Sherlock no comprendía por qué John seguía levantándose temprano y tomando café si hacía tres años que había dejado el trabajo. Ahora dependía por completo de su pensión del ejército y su hermana Harry. Esa era la prueba definitiva de que estaba en el límite. Y Sherlock quería salvarle, pero no sabía como hacerlo sin ponerle en peligro. Pues el juego de Moriarty aún no había acabado, lo sabía. Puede que estuviese muerto, pero estaba loco. Y los locos eran los mejores rivales y los más peligrosos. Estaba dispuesto a arriesgar su vida, pero no la de John. Aunque en ocasiones había llegado a pensar que habría sido más piadoso dejarle morir que permitirle continuar con una vida como esa. En esos momentos se apagaba el cigarrillo sobre la piel y volvía a la realidad: John no debía morir. No iba a morir. Y esa vez no necesitó una nueva quemadura en el antebrazo para tenerlo claro.

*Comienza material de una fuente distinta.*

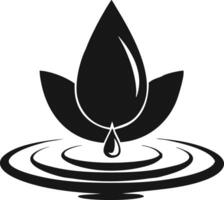 Water Drop Falling Into Water Ripple vector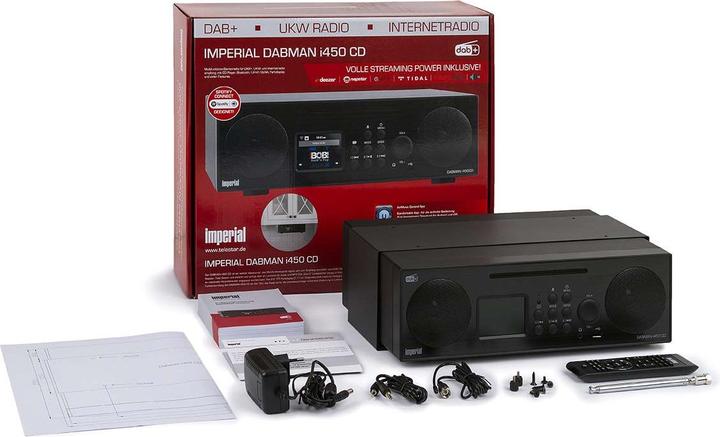 Actual product image Imperial Dabman i450 CD (DAB+, Web radio, VHF, FM, Bluetooth, Wi-Fi)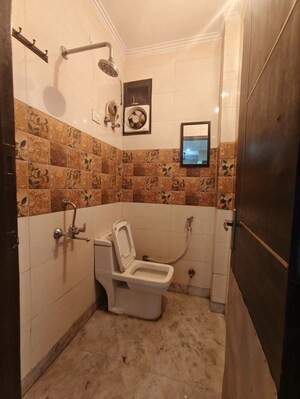 Bathroom in 2 BHK Builder Floor at Kalkaji – for Rent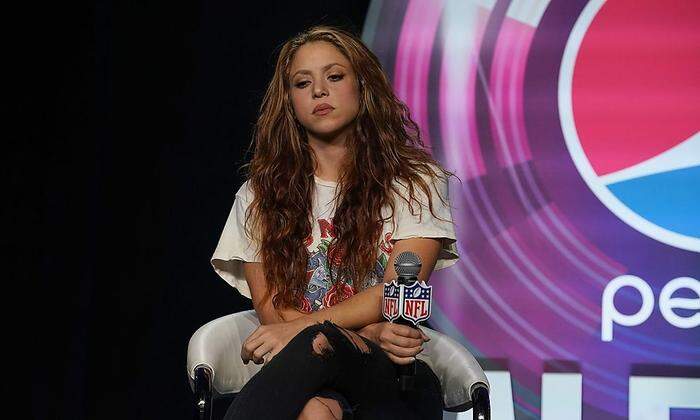 Shakira bei der Pressekonferenz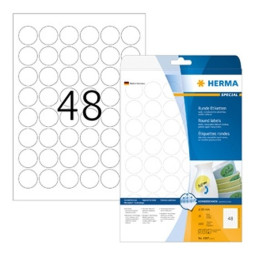 Irtoava tarra pyöreä 30mm Herma 4387 Movables
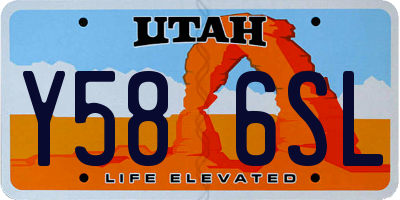 UT license plate Y586SL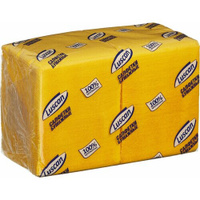 Салфетки Luscan Profi Pack желтые, 400 листов, 1 пачка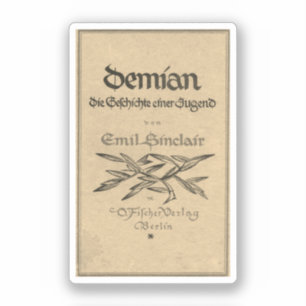 Sticker Première édition couverture de Demian (1919)
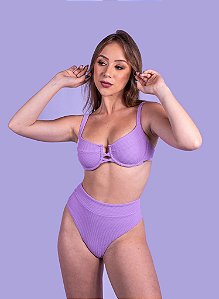 Top Tabata e Tanga Hot Pant Lilas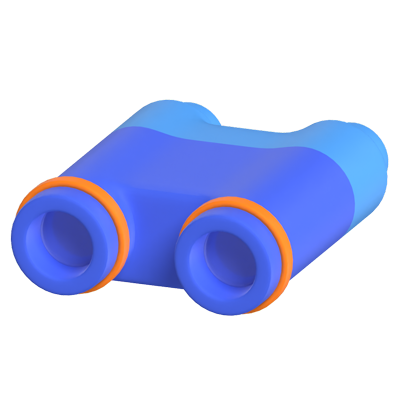 Field Binoculars For Golf Player 3D Icon 3D Graphic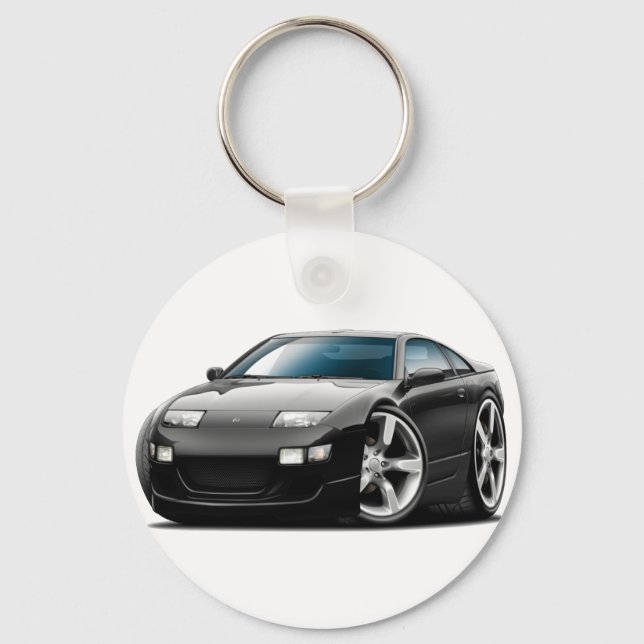 Nissan 300ZX Black Car Key Ring (Front)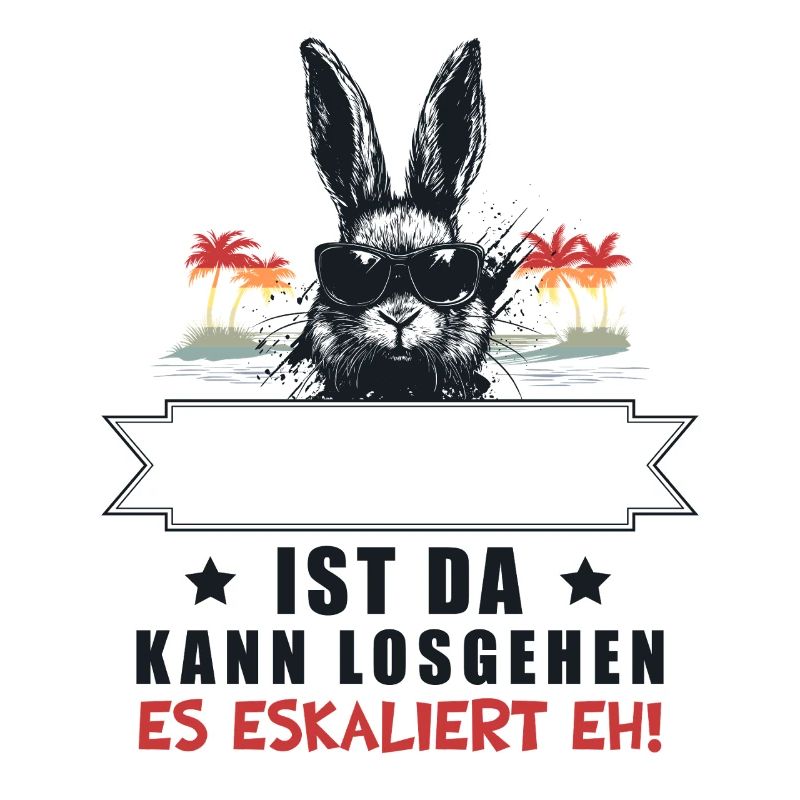 It's escalating anyway! Bunny Retro Personalizable Name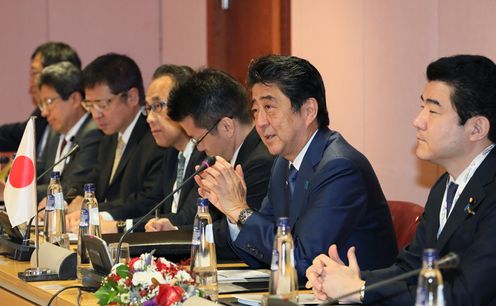 Photograph of the Japan-Italy Summit Meeting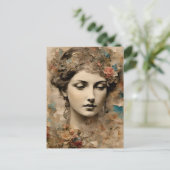  Lady Collage Briefkaart (Staand voorkant)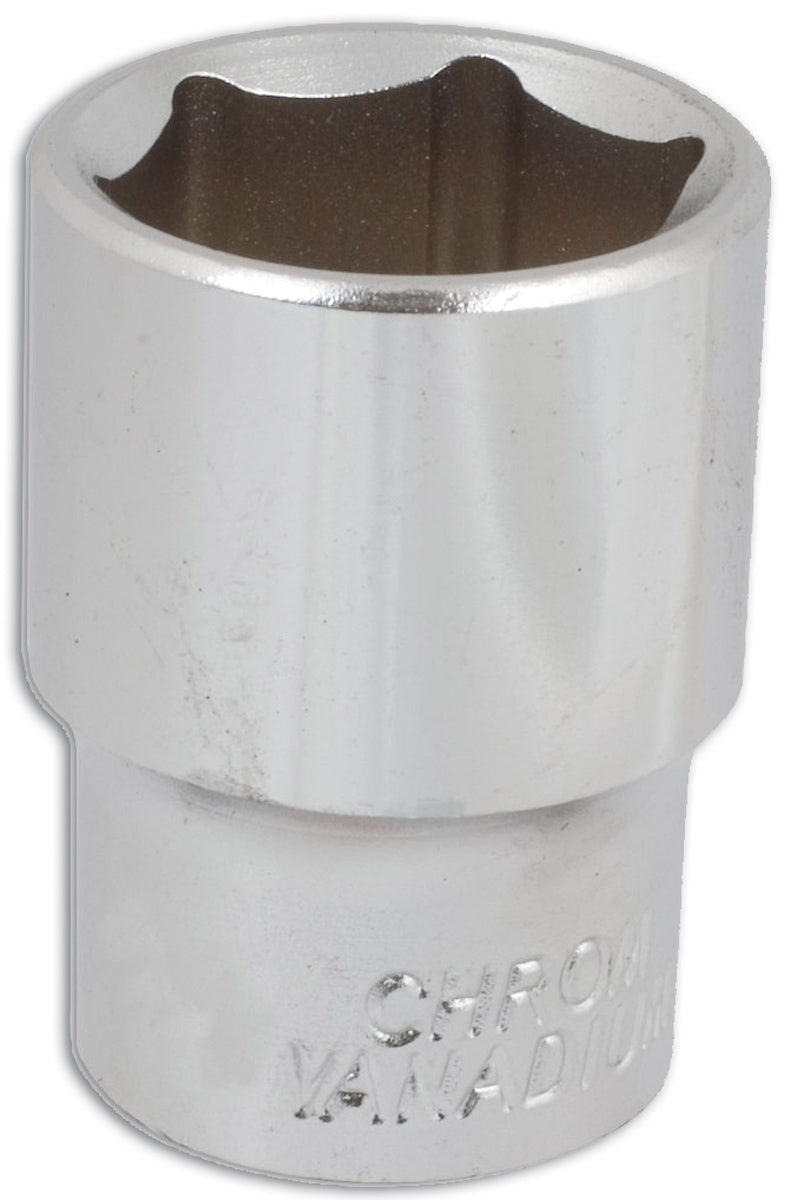 Laser Tools 19mm Standard Length Chrome Socket 1/2"D Single Hex 6pt 0815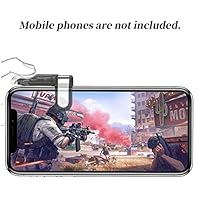 Kathleen88 Game Trigger Grip Smartphone Gamepad Aiming Assist Button Gaming Handle Moving Fire Controller Adjustable Mobile Shooter Sensitive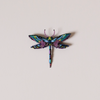Amethyst Dragonfly Embroidered Pin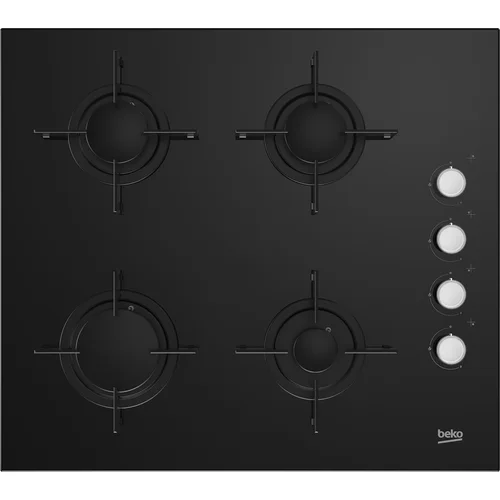 Beko HILG64120S 60 cm juoda dujinė kaitlentė image 1
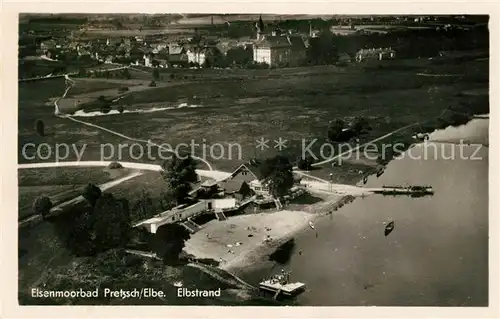 AK / Ansichtskarte Bad Pretzsch Elbe Elbstrand Fliegeraufnahme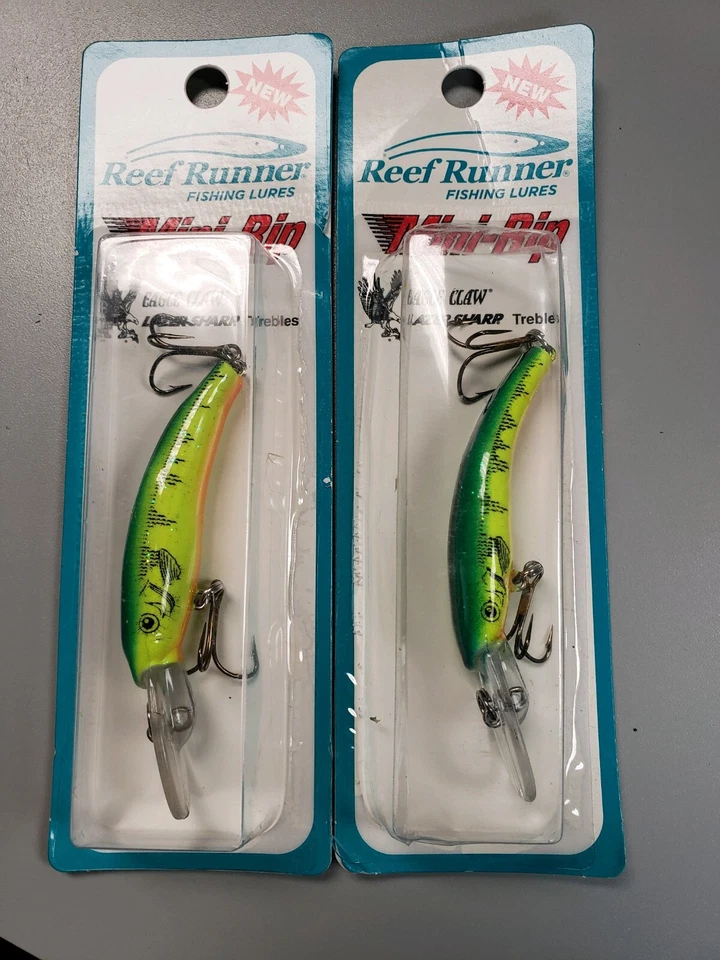 2-Reef Runner Mini-Rip FIRE TIGER 100-21 Trolling, Señuelo de Fundición 12' PACK 2 Foto 1 de 1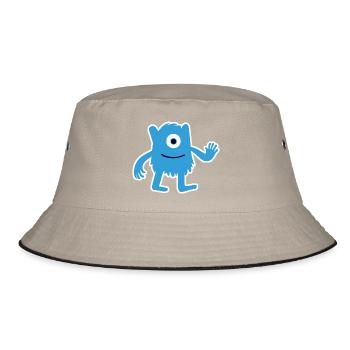 Monstre Bleu Poilu - Extraterrestre à un œil agitant - Bob - kaki/noir - Devant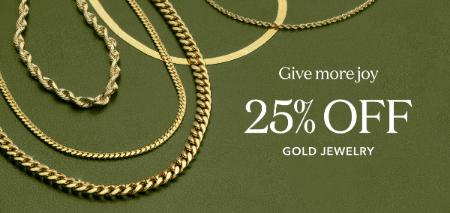 25% Off Gold Jewelry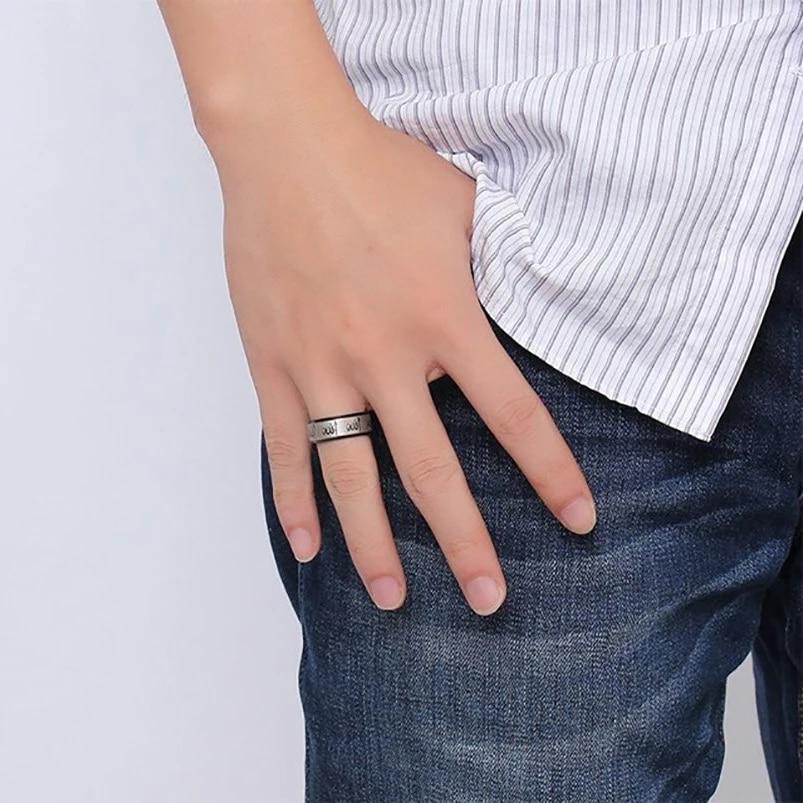 Fashion Stainless Steel Arabic Islamic Muslim Allah Rings For Men Women Muslim Religious Prayer Rings Retro Amulet Jewelry Gifts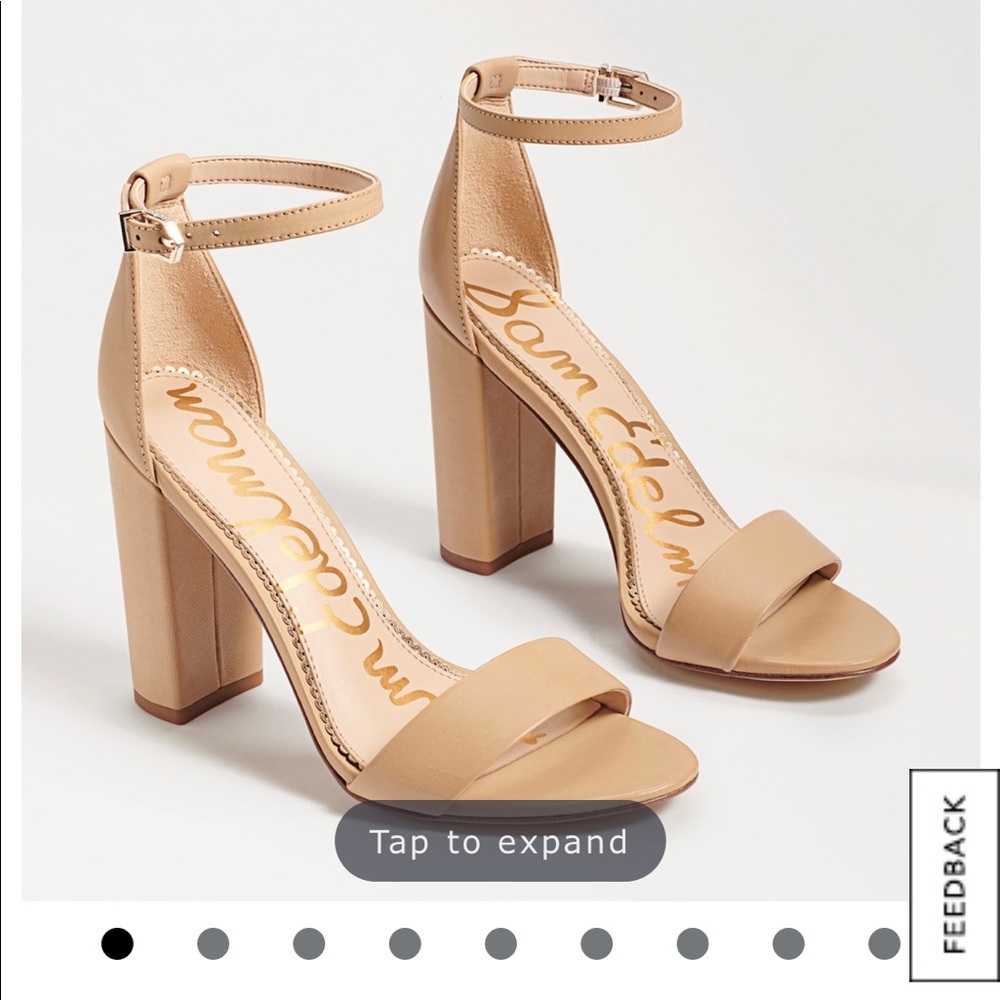 Sam Edelman nude block heels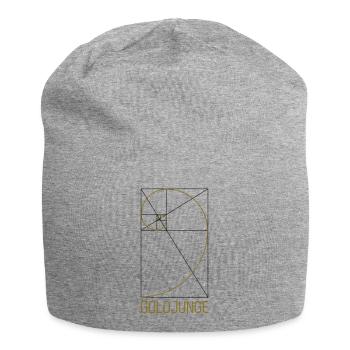 Goldjunge - Jersey-Beanie - Grau meliert - Vorne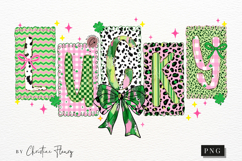 Preppy Coquette Lucky PNG | St Patrick's Day Png Product Image 5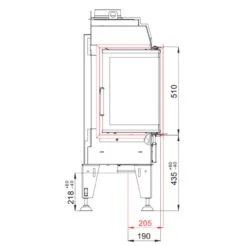 Therm 6CL Eckkamineinsatz Linksverglast 6kW 16 Therm 6CL Eckkamineinsatz Linksverglast 6kW -Derofenfuchs Verkäufe bef therm 6 cl masse2 1280x1280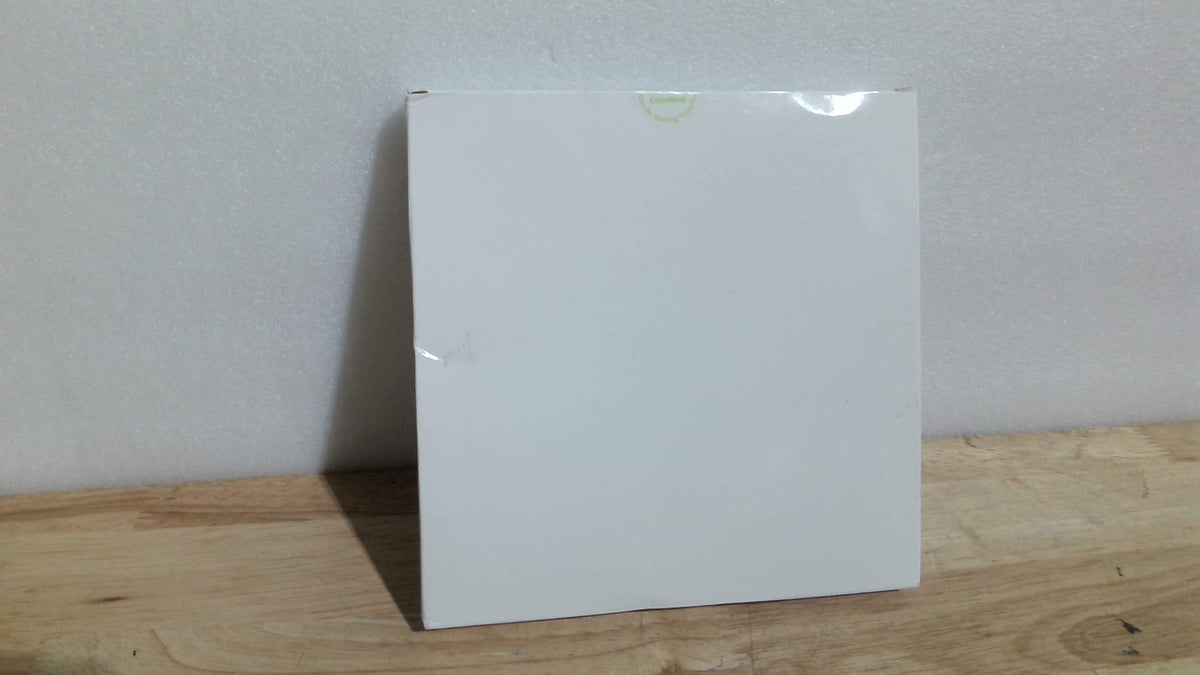 Tapas antipolvo para velas CandMak, 160 unidades, impresas en blanco mate, con lengüeta para la fabricación de velas (8,9 cm).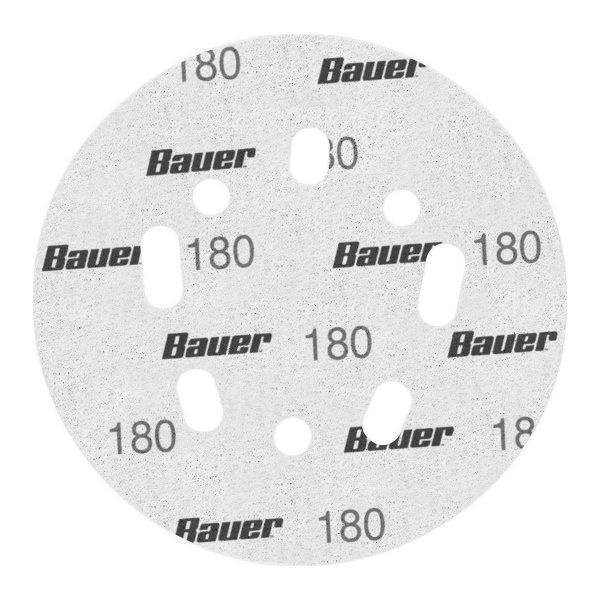 BAUER - 5 in., 180-Grit Hook-and-Loop Universal Pattern Sanding Discs, 15-Pack - 58227 - Imagen 5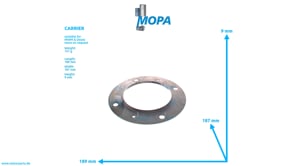 CARRIER - 03324683 suitable for MWM & Deutz engines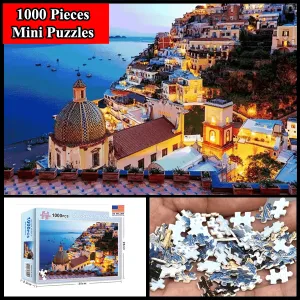"Amalfi Coast" 1000 Pieces Mini Jigsaw Puzzles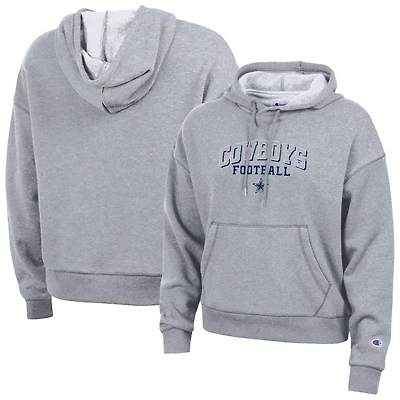 Women's Champion Gray Dallas Cowboys Triumph Tri-Blend Hoodie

Cuando hubo pasado cerca de media hora desde que John había entrado en el apartamento, se elevó por entre cubos de basura, cajas y salientes hasta llegar al alfeizar de la ventana del dormitorio. Y se sentó allí a observar. Le vio despatarrado sobre la cama, la ropa manchada, solo uno de los zapatos quitados, el pelo demasiado largo y barba descuidada de varios días. Era un verdadero desastre y el mayor bajón se había dado en las últimas semanas. Estaba al borde del colapso y aquello iba matando lentamente a Sherlock. Sabía que era su culpa y siempre lo sabía, pero acercarse a él solo lo heriría más…

Pero ya no era capaz de quedarse más tiempo con los brazos cruzados. Aquél inofensivo contacto no había sido tan inofensivo después de todo, pues había terminado con toda su determinación. Estaba perdido, había vuelto a caer en su adicción y ya no iba a poder salir.

Sin importarle nada, abrió la ventana y se coló en la habitación, silencioso como un gato. Al principio se mantuvo a los pies de la cama, igual que todas las noches que la tentación había podido con él, pero esa vez fue a más. No podía mantenerse alejado por más tiempo. Así que caminó hasta él, le tomó con delicadeza y le tumbó bien sobre el colchón. Después desabrochó su destrozada camisa y se la quitó como pudo sin despertarle. Libre de ella, hizo lo mismo con el zapato que quedaba y después le cubrió con la sábana y la manta. Se merecía al menos una noche de verdadero descanso. Una larga noche que no sería interrumpida por ningún molesto despertador, así que aquel molesto compañero salió volando por la ventana rumbo a los cubos de basura que ahora eran el segundo hogar de Sherlock.

Se sentó de nuevo en la ventana, observándole, imaginando como habría sido la vida de John si jamás le hubiera conocido: se habría casado, habría tenido hijos, seguramente un niño y una niña. Cada domingo habría ido a ver jugar a su pequeño al fútbol y por otro lado, una vez al mes, iría a los recitales de baile de su hija. Su esposa le cuidaría, evitaría que tuviese el aspecto que lucía en ese momento. Sherlock le había destrozado la vida. Solo hacía falta ver la de kilos que había perdido, parecía alguien completamente distinto. No era el John Watson que conoció en Barts. Y puede que jamás volviese a serlo.